Needless to say, this was not a reassuring page to land on. This virtual queue didn’t provide an approximate wait time, nor did it even generate a wait number for me as an analog deli would’ve. All it did was periodically update on how the multi-day passes were already selling out. This must’ve been real exciting for folks with paranoia & anxiety disorders.

After staring at this screen for nigh two hours, I was almost ready to give up. Suddenly & without warning (as sudden events tend to be), the page transformed into one that gave me exactly thirteen minutes to purchase tickets. Since I only wanted one Thursday ticket (try to hunt for me on the con floor!), this was actually pretty easy. That still didn’t justify how user unfriendly the lead up proved to be. Boo for First World problems! The new system was supposed to thwart scalpers, yet multi-day passes still popped up on StubHub at exorbitant prices. Congratulations on not achieving your goal, NYCC!

So I’m going to a major comic con … just not the one that gets the good exclusives.

Speaking of which, photos of the Marvel Legends The Raft SDCC exclusive set have leaked. It looks like the bastards gave Dreadknight a sword instead of his trademark lance. For what the set is going to cost, we shouldn’t need to make our own lances. (Dreadknight is yet another cool villain who’s monstrously underused.) Odds on whether Enchantress will get re-released in next year’s Thor wave just as last year’s SDCC Dormammu will be in this fall’s Dr. Strange wave? (I am suddenly concerned about whether investing in the SDCC Hela was was the right move.) The inclusion of Abomination is puzzling since a lighter version is the BAF of the newest Captain America wave. A repaint of Sandman will probably be the BAF for the rumored Spider-Man wave with Kamala “Ms. Marvel” Khan. (Why doesn’t Squirrel Girl get a rumored figure too? She does have a POP now … that’s a subscription box exclusive. Is that better or worse than Grodd’s POP being an SDCC exclusive?) Purple Man is a wash because he doesn’t look like David Tennant but is actually purple. The Spidey serves no purpose save for raising the price.
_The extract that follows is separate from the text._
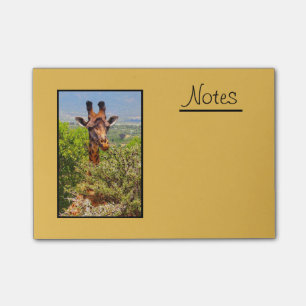 Adorable Giraffe, die seinen Kopf über den Bäumen  Post-it Klebezettel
Remember when I asked you which Rocksteady & Bebop action figures I should buy? Further complicating the tyranny of my choice, Three Zero is making 1/6 scale figures that I won’t have to customize! These would be the clear winners if they didn’t end up costing a few hundred dollars each. Well, time to rob a bank!
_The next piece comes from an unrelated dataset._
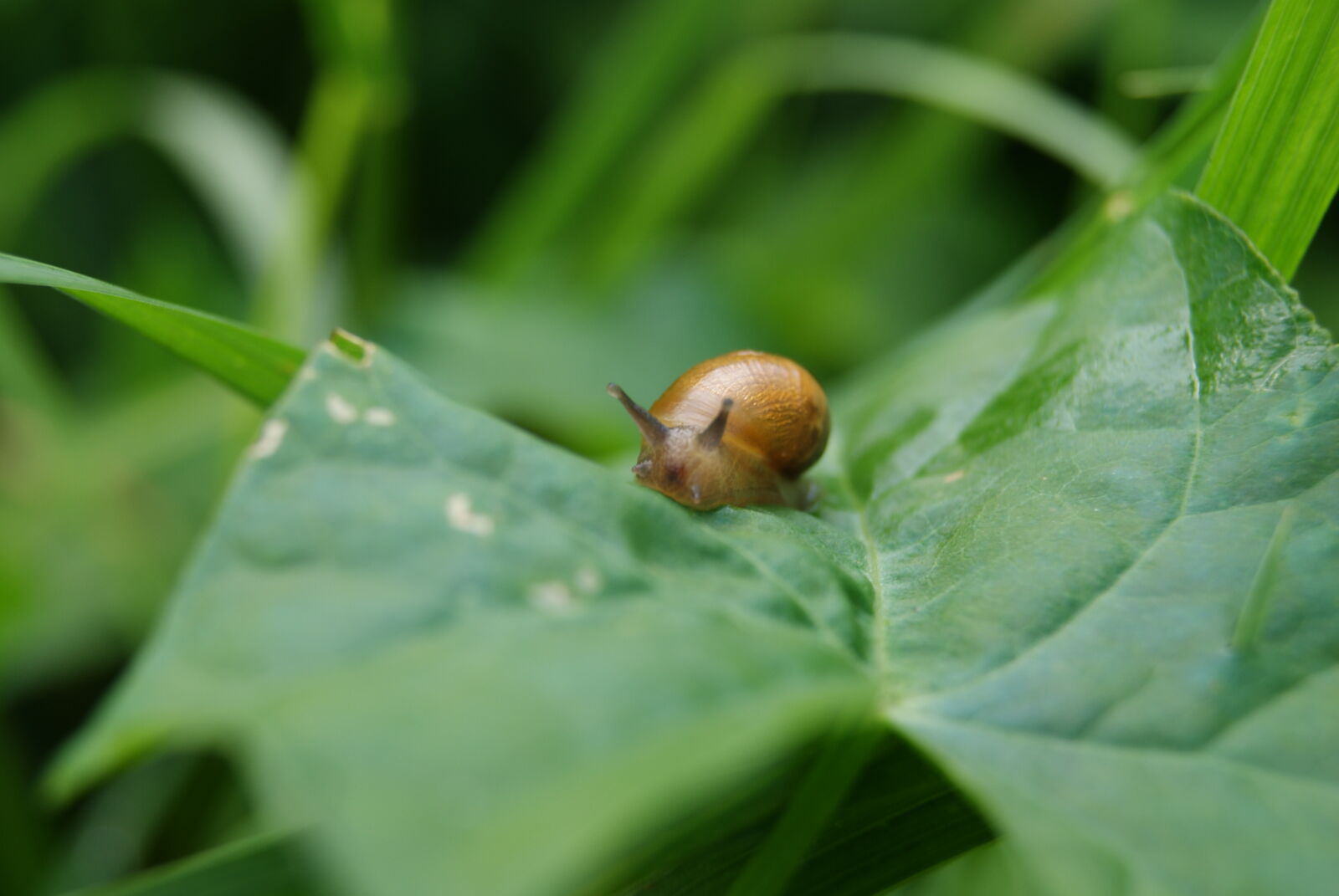 Sony Alpha DSLR-A230 sample photo. Slug, snail, leave photography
Space Ghost is blessed with a catchy name, spiffy costume, & a sterling talk show persona. If I didn’t just buy con tickets (note to self: acquire more Earth money before attending NYCC), I’d be sorely tempted to get Mezco’s new “like Mego but not terrible by today’s standards” edition. In addition to lots of keen energy effects parts, he also comes with the creepiest-looking Blip. This Blip looks like 60’s era Burt Ward on bath salts after being transmogrified by Circe. He’s so unsettling that perhaps terrified buyers will practically throw these simian sidekicks at me? If Blip is anything like a Terran monkey, however, those bared fangs mean he’s more scared of us than vice versa. There’s also an exclusive non-convention glow-in-the dark variant that appears to somehow retain its regular coloration while normally illuminated. What deviltry is this?

Whilst  reading aloud some random email about coding, my cat started mewing. My Meowish is not quite fluent, but I think she wants to learn to code. Who knew she looked up to Squirrel Girl & Karlie Kloss? Where can I find her a custom keyboard for her oversized paws?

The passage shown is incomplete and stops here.